Mahkemece, iddia, savunma, benimsenen bilirkişi raporu ve dosya kapsamına göre; taraflar arasındaki sözleşmede davalıya verilecek dairelerin büyük imal edileceğine dair bir hüküm bulunmadığı, davalının hazırladığı projeye göre davalıya verilecek daire metre
karelerinin büyük olduğu, bu durumun iyiniyetli olmadığı, davacılar ihtarına rağmen davalının bu durumu düzeltmeye yanaşmadığı, bu nedenlerle de davacıların sözleşmenin feshini istemekte haklı oldukları, kusurun tamamen davalı yüklenicide olduğu, kusurlu olan davalı karşı davacının davacılardan herhangi bir istemde bulunamayacağı, davacı tarafın en başta dava konusu etmedikleri davacı ... dışındakiler yararına kira tazminatı ve manevi tazminatı ıslahla talep edemeyecekleri, manevi tazminatın bu davada talep edilemeyeceği, davacıların sözleşmenin feshinden önce yıkılan eski evin bedelini talep edebilecekleri, davacılardan Sevim’in ise bu ev nedeniyle kira tazminatı isteyebileceği gerekçeleriyle, taraflar arasındaki sözleşmenin feshine, harç tamamlanmadığından men’i müdahele isteminin işlemden kaldırılması sonrasında bu isteme yönelik davanın açılmamış sayılmasına, yıkılan evin bedeli olarak toplam 20.000,00 TL’nın yükleniciden tahsiline, 15.000,00 TL kira tazminatının yükleniciden tahsili ile davacılardan ...e verilmesine, ... dışındaki davacıların kira tazminatı ve manevi tazminata ilişkin istemleri hakkında; dava konusu edilmeyen bu istemlerin ıslahla istenemeyecek olması nedeniyle karar verilmesine yer olmadığına, manevi tazminat istemlerinin reddine, karşı davanın ise; tümden reddine karar verilmiştir.

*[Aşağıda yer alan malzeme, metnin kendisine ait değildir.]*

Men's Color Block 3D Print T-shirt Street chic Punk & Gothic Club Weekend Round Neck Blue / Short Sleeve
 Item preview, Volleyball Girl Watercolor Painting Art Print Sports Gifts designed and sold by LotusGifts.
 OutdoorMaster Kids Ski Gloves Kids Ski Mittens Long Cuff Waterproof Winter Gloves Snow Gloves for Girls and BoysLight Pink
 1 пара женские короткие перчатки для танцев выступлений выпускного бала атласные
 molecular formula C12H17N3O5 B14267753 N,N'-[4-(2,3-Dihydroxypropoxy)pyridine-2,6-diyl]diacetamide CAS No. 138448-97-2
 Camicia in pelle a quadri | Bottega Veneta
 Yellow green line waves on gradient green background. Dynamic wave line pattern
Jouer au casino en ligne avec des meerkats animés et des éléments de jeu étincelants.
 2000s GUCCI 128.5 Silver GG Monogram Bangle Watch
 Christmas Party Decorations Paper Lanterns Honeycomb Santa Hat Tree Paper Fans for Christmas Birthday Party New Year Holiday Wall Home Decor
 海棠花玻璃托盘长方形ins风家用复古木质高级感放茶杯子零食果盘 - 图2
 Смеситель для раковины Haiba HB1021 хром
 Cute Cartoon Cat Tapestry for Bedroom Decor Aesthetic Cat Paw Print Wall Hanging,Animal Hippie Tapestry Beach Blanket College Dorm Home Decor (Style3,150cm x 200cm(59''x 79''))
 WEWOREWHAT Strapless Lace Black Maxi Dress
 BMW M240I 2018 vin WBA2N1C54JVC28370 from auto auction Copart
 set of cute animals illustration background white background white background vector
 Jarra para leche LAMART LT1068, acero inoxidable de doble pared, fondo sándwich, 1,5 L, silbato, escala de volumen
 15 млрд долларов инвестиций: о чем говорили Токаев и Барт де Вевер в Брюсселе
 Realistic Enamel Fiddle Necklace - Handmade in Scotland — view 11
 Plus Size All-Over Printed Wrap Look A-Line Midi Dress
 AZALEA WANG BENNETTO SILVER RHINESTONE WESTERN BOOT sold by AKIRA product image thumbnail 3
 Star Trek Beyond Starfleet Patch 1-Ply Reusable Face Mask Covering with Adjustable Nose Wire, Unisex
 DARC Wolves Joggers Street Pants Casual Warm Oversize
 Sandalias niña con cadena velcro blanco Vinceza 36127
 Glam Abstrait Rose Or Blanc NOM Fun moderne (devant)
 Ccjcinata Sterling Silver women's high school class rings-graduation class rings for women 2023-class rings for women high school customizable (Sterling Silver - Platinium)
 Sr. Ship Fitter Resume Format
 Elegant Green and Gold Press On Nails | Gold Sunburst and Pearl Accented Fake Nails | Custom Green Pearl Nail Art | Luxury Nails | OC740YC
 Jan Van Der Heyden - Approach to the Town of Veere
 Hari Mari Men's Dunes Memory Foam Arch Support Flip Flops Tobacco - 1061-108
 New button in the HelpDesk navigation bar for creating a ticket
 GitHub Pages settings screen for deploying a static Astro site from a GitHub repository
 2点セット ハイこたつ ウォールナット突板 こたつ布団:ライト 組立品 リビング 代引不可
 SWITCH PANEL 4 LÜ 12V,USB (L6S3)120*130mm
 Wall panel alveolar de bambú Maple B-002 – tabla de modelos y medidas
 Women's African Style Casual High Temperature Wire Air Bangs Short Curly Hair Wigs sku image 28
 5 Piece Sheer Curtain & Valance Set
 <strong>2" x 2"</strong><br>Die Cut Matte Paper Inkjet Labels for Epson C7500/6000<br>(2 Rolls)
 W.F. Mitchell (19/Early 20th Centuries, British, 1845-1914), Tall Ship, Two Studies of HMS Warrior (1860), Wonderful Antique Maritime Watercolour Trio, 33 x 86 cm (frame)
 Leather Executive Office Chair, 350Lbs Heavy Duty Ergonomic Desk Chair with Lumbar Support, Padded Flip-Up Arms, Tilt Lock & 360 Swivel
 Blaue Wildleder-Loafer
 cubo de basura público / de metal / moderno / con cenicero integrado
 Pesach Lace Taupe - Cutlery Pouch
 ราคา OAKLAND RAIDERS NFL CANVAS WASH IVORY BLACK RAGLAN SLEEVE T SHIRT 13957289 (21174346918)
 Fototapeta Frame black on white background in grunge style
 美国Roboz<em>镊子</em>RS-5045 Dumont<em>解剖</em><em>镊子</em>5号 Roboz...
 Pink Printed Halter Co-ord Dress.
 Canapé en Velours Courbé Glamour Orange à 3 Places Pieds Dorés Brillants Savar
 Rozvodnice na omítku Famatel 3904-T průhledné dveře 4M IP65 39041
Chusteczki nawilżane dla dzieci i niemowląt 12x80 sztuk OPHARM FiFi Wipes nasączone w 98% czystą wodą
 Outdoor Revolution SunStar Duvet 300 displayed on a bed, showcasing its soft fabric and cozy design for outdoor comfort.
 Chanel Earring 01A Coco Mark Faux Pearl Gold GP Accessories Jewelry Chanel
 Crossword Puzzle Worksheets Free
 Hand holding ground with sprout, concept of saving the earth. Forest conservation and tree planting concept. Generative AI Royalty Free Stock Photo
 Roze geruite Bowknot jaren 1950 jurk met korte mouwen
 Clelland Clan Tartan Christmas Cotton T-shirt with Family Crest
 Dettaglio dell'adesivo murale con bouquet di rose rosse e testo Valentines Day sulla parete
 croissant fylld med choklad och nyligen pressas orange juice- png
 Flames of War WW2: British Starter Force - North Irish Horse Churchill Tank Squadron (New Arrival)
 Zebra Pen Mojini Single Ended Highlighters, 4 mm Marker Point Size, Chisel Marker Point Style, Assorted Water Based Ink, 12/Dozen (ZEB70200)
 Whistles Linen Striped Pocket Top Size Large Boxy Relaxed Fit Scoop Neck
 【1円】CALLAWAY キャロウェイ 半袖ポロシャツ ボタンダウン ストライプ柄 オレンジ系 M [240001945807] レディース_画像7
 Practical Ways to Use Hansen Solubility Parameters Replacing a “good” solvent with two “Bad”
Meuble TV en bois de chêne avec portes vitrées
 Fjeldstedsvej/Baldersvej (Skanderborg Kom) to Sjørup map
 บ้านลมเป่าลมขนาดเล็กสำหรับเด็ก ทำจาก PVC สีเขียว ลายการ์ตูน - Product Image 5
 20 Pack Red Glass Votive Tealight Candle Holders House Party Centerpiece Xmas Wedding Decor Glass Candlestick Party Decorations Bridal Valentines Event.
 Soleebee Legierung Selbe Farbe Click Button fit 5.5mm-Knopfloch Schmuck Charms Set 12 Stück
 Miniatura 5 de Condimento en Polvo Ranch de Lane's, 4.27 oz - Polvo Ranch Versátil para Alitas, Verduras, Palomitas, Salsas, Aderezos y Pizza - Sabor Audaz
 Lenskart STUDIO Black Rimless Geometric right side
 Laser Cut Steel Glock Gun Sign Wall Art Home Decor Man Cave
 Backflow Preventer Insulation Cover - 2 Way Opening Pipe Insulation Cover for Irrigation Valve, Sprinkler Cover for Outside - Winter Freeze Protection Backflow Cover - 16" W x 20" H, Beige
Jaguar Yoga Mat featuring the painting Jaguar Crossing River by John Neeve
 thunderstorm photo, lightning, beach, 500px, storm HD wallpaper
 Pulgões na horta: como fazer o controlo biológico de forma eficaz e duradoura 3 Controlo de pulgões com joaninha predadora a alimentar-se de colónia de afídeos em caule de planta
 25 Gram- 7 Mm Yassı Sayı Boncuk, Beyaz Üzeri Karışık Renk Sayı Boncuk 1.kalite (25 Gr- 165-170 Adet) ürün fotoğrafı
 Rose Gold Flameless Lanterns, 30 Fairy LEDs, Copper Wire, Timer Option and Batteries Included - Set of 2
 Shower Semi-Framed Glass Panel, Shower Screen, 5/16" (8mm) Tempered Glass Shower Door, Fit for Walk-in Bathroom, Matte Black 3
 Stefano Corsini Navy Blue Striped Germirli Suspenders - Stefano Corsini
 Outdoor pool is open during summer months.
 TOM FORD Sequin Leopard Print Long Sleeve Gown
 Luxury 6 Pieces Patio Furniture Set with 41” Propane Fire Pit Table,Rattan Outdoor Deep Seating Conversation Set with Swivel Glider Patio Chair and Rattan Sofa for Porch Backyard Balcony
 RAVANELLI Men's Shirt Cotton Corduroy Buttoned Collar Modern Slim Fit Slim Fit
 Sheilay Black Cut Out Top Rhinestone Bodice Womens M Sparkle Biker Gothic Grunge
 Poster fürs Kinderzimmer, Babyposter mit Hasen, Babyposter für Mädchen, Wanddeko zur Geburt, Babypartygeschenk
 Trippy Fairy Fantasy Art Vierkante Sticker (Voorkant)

Kararı, davalı-karşı davacı vekili temyiz etmiştir.
Dosyadaki yazılara, kararın dayandığı delillerle gerektirici sebeplere, delillerin takdirinde bir isabetsizlik bulunmamasına göre, davalı-karşı davacı vekilinin temyiz itirazları yerinde görülmemiştir.
SONUÇ: Yukarıda açıklanan nedenlerle, davalı-karşı davacı vekilinin tüm temyiz itirazlarının reddiyle usul ve kanuna uygun bulunan hükmün ONANMASINA, aşağıda yazılı onama harçlarının temyiz edenden alınmasına, 990,00 TL duruşma vekalet ücretinin davalı-karşı davacıdan alınarak davacı-karşı davalıya ödenmesine, kararın tebliğinden itibaren 15 gün içerisinde karar düzeltme yolu açık olmak üzere, 24.01.2013 tarihinde oybirliğiyle karar verildi.